Walt Whitman (1819–1892). Prose Works. 1892.
II. Collect10. Two Letters
D
My books are out, the new edition; a set of which, immediately on receiving your letter of 28th, I have sent you, (by mail, March 15,) and I suppose you have before this receiv’d them. My dear friend, your offers of help, and those of my other British friends, I think I fully appreciate, in the right spirit, welcome and acceptive—leaving the matter altogether in your and their hands, and to your and their convenience, discretion, leisure, and nicety. Though poor now, even to penury, I have not so far been deprived of any physical thing I need or wish whatever, and I feel confident I shall not in the future. During my employment of seven years or more in Washington after the war (1865–72) I regularly saved part of my wages: and, though the sum has now become about exhausted by my expenses of the last three years, there are already beginning at present welcome dribbles hitherward from the sales of my new edition, which I just job and sell, myself, (all through this illness, my book-agents for three years in New York successively, badly cheated me,) and shall continue to dispose of the books myself. And that is the way I should prefer to glean my support. In that way I cheerfully accept all the aid my friends find it convenient to proffer.
To repeat a little, and without undertaking details, understand, dear friend, for yourself and all, that I heartily and most affectionately thank my British friends, and that I accept their sympathetic generosity in the same spirit in which I believe (nay, know) it is offer’d—that though poor I am not in want—that I maintain good heart and cheer; and that by far the most satisfaction to me (and I think it can be done, and believe it will be) will be to live, as long as possible, on the sales, by myself, of my own works, and perhaps, if practicable, by further writings for the press.

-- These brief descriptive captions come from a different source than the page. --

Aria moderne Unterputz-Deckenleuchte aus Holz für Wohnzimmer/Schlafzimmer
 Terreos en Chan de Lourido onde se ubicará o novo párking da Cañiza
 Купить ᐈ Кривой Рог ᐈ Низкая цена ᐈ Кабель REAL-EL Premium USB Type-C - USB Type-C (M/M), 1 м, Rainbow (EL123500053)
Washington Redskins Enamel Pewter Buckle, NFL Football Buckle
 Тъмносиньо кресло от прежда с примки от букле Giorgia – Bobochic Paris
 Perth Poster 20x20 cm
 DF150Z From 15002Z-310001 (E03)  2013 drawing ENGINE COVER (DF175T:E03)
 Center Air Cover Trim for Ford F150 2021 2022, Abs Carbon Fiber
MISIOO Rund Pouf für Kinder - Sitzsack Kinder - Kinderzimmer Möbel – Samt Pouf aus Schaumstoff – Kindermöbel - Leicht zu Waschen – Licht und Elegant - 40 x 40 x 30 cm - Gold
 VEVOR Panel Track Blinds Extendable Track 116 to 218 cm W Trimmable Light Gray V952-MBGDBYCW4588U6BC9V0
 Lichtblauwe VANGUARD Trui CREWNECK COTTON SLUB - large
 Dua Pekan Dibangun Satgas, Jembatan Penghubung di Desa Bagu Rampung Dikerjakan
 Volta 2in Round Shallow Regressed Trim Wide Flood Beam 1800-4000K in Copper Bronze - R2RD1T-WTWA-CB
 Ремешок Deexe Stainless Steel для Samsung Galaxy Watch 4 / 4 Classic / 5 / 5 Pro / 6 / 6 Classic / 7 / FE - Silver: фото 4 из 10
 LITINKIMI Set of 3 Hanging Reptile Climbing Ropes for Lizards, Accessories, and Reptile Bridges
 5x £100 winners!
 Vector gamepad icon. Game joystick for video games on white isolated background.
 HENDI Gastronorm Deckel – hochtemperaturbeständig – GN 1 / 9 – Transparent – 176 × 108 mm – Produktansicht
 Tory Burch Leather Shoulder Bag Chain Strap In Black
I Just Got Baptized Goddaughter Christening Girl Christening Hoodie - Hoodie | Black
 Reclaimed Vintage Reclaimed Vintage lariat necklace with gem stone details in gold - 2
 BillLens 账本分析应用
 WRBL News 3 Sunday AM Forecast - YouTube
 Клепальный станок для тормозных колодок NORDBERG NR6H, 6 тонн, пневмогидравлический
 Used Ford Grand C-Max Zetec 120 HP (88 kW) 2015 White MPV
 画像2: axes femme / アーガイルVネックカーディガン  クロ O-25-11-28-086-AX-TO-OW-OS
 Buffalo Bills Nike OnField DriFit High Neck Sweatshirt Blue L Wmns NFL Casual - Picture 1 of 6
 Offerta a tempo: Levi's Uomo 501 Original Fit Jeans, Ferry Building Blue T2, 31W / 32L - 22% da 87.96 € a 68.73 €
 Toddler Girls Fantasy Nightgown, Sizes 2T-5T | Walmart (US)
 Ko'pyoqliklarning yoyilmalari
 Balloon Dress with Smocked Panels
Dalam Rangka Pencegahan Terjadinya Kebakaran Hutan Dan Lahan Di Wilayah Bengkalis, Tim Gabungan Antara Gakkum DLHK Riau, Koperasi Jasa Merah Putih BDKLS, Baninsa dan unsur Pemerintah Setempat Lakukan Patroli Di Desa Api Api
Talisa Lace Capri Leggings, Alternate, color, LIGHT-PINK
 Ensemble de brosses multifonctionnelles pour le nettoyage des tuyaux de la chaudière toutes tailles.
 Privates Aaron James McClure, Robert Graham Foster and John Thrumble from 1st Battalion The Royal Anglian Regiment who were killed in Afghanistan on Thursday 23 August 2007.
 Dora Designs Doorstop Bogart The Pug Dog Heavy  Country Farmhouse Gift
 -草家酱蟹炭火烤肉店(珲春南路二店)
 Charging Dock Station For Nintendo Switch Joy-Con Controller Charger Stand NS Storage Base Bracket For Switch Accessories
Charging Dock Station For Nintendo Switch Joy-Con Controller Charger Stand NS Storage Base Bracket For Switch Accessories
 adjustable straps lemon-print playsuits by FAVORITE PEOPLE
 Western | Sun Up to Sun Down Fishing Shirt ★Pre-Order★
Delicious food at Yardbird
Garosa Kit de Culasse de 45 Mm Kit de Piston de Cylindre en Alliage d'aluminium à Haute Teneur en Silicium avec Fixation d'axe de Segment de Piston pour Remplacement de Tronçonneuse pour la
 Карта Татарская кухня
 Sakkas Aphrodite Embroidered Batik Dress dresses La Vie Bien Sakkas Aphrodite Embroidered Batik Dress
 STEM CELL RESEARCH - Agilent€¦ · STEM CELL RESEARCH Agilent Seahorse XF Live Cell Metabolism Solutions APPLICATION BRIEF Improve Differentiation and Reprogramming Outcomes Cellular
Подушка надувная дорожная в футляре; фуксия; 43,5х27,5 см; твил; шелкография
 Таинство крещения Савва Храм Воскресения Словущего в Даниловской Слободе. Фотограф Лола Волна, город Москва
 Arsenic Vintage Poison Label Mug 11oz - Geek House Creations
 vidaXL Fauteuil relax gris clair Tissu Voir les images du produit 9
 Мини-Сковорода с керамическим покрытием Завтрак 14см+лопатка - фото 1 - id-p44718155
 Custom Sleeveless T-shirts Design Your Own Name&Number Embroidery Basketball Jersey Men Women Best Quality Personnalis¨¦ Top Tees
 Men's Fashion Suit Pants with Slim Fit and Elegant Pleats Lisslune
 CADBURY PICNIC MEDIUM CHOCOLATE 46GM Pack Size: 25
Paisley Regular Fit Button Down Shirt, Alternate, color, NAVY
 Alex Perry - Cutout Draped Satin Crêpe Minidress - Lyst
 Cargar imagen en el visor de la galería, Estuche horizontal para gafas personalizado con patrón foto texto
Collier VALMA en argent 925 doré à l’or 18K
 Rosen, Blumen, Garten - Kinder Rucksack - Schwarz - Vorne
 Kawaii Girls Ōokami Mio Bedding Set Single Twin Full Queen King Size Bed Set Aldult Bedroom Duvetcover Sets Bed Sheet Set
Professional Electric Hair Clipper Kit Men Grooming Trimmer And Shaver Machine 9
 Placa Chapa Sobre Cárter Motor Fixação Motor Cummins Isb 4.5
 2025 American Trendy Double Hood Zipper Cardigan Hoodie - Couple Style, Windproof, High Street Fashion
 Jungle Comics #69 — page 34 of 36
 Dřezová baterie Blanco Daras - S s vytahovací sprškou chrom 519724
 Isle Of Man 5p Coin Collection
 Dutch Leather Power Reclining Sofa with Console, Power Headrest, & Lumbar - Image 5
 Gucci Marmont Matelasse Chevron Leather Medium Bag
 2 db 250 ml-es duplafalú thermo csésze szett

I am prohibited from writing too much, and I must make this candid statement of the situation serve for all my dear friends over there.
D You Russians and we Americans! Our countries so distant, so unlike at first glance—such a difference in social and political conditions, and our respective methods of moral and practical development the last hundred years;—and yet in certain features, and vastest ones, so resembling each other. The variety of stock-elements and tongues, to be resolutely fused in a common identity and union at all hazards—the idea, perennial through the ages, that they both have their historic and divine mission—the fervent element of manly friendship throughout the whole people, surpass’d by no other races—the grand expanse of territorial limits and boundaries—the unform’d and nebulous state of many things, not yet permanently settled, but agreed on all hands to be the preparations of an infinitely greater future—the fact that both Peoples have their independent and leading positions to hold, keep, and if necessary, fight for, against the rest of the world—the deathless aspirations at the inmost centre of each great community, so vehement, so mysterious, so abysmic—are certainly features you Russians and we Americans possess in common. As my dearest dream is for an internationality of poems and poets, binding the lands of the earth closer than all treaties and diplomacy—As the purpose beneath the rest in my book is such hearty comradeship, for individuals to begin with, and for all the nations of the earth as a result—how happy I should be to get the hearing and emotional contact of the great Russian peoples. To whom, now and here, (addressing you for Russia and Russians, and empowering you, should you see fit, to print the present letter, in your book, as a preface,) I waft affectionate salutation from these shores, in America’s name.